INTRODUCTION

Last year the Nuclear Physics Laboratory (NPL) officially became the Center for Experimental Nuclear Physics and Astrophysics (CENPA), with an expanded mandate. CENPA includes the activities of the former NPL and in addition fosters collaborative work among the members of the NPL and others in the University of Washington Physics Department and elsewhere. CENPA pursues a broad program of research in nuclear physics, astrophysics and related fields. Research activities are conducted locally and at remote sites. The current program includes "in-house" research on nuclear collisions and fundamental interactions using the local tandem Van de Graaff and superconducting linac accelerators, as well as local and remote non-accelerator research on fundamental interactions and user-mode research on relativistic heavy ions at large accelerator facilities in the U.S. and Europe.

A good 7Be(p,g)8B Phase I data taking run has been completed and the data are being analyzed. We used a 100 mCi target fabricated on a newly designed post backing with a breakaway washer, eliminating unwanted target tails. All important sources of systematic error were measured, including loss of 8B due to backscattering out of the target. We expect to meet our goal of 5% precision on the cross section and the astrophysical S-factor.

The SNO detector has been running in a production mode with pure heavy water in the acrylic vessel since November 1999. Analysis of the data taken since that time has been directed towards a measurement of the rate of charged-current interactions of 8B neutrinos, and will be completed soon. Both the SNO collaboration and the scientific community await this milestone with interest.

A new collaboration of CENPA members with the University of Mainz, Kernforschungszentrum Karlsruhe, and other institutions to carry out a large-scale experiment on tritium beta decay has formed. The objective is a direct kinematic measurement of the mass of the electron antineutrino with 0.5-eV sensitivity.

The notion of "large extra dimensions" has recently attracted a great deal of attention, particularly as a solution of the gravitational hierarchy problem. For example, the "true" Planck mass could be lowered to about 1 TeV if two of the extra 7 dimensions of string theory had sizes of around 1 mm. This would show up as a violation of the gravitational inverse-square law for separations less than a milimeter. We recently used a novel torsion balance instrument to test the inverse-square law down to 0.2 mm and found no evidence for anomalies, which implies an unification mass of > 3.5 TeV.

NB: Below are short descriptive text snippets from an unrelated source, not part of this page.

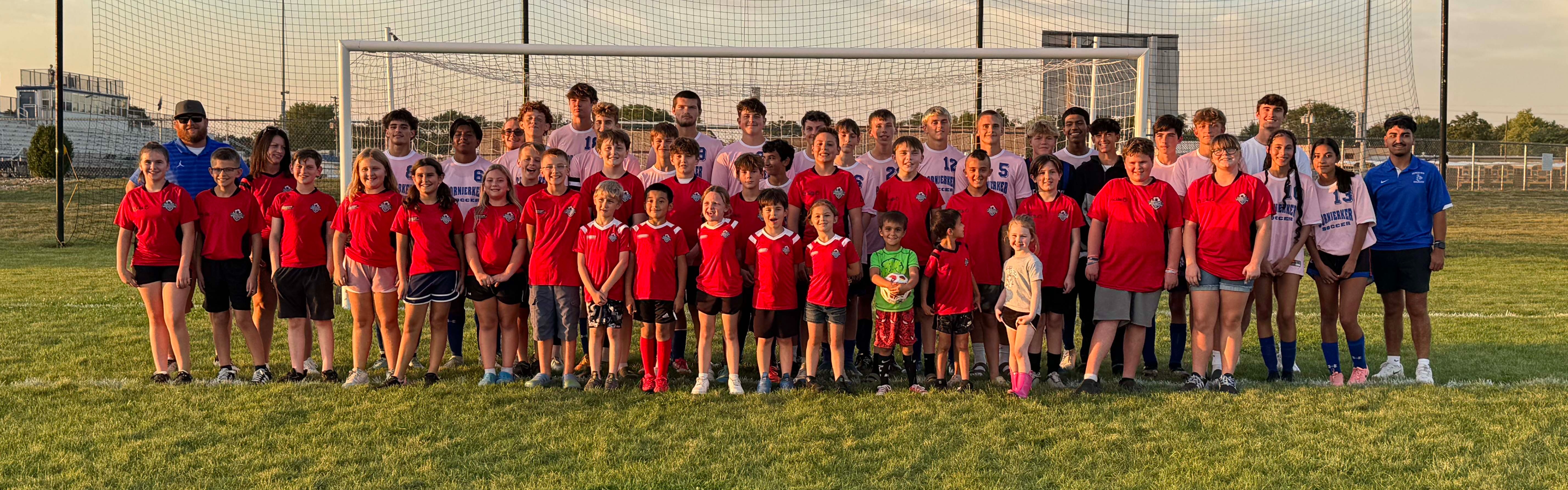 Youth soccer showing up for the Varsity game.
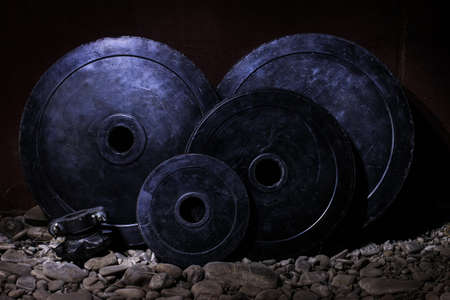 Sport barbell and pancakes in the gym.の写真素材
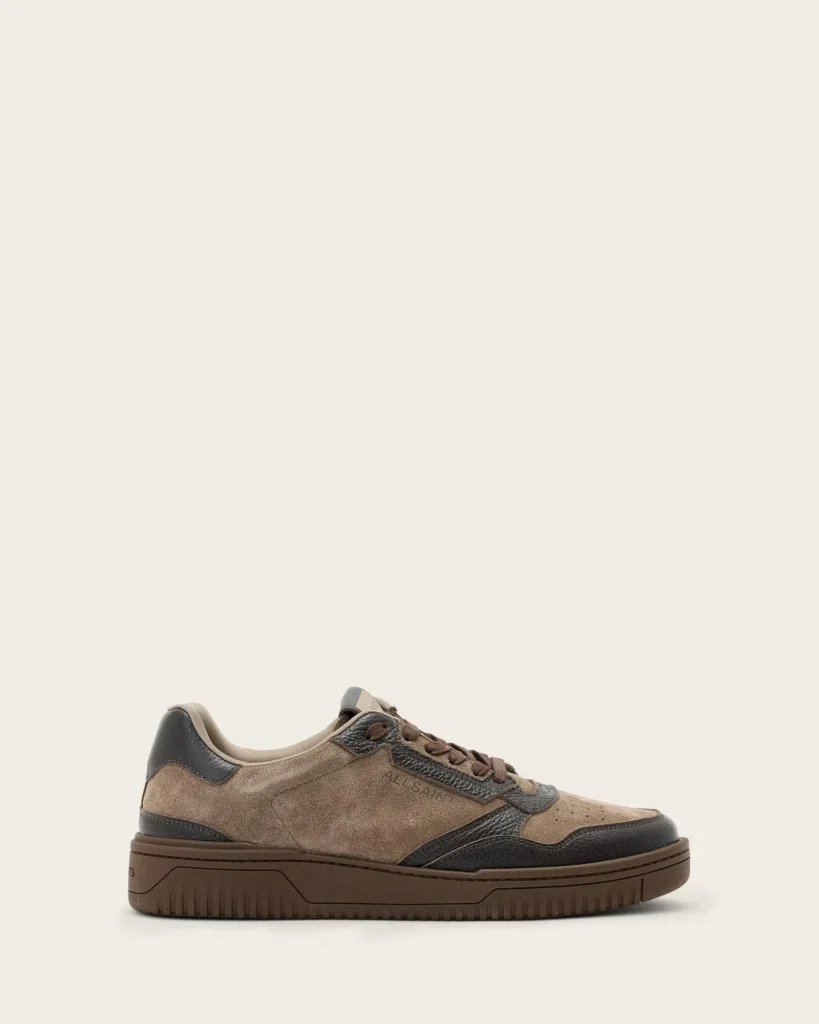 Brown suede and black leather low-top sneaker with matching brown sole, shown in side profile against an off-white background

The big news in ultrarelativistic heavy ion physics this year is first data from the RHIC collider. Experimental results have been pouring in from all four experiments. The UW event-by-event program has pioneered a number of novel analysis techniques that are now being brought to bear on the first batch of STAR data. We have seen for the first time substantial dynamical fluctuations in event-wise mean transverse momentum, possibly signaling new QCD effects in Au-Au collisions, and charge- or isospin-dependent correlation structures possibly connected to novel structure on the hadronic freezeout surface formed during rapid traversal of the QCD phase boundary.

A study of collision-induced multifragmentation of C60 has been completed. Multifragmentation into three or more fragments each with three or more carbons in each fragment is found to be an important reaction channel for large deposition energies. An odd-even dependence of fragment yields implies sequential decay of chain or ring multifragmentation products.

As always, we encourage outside applications for the use of our facilities. As a convenient reference for potential users, the table on the following page lists the capabilities of our accelerators. For further information, please contact Prof. Derek W. Storm, Executive Director, Nuclear Physics Laboratory, Box 354290, University of Washington, Seattle, WA 98195; (206) 543-4080, or storm@npl.washington.edu. Further information is also available on our web page: http://www.npl.washington.edu .

We close this introduction with a reminder that the articles in this report describe work in progress and are not to be regarded as publications or to be quoted without permission of the authors. In each article the names of the investigators are listed alphabetically, with the primary author, to whom inquires should be addressed, underlined.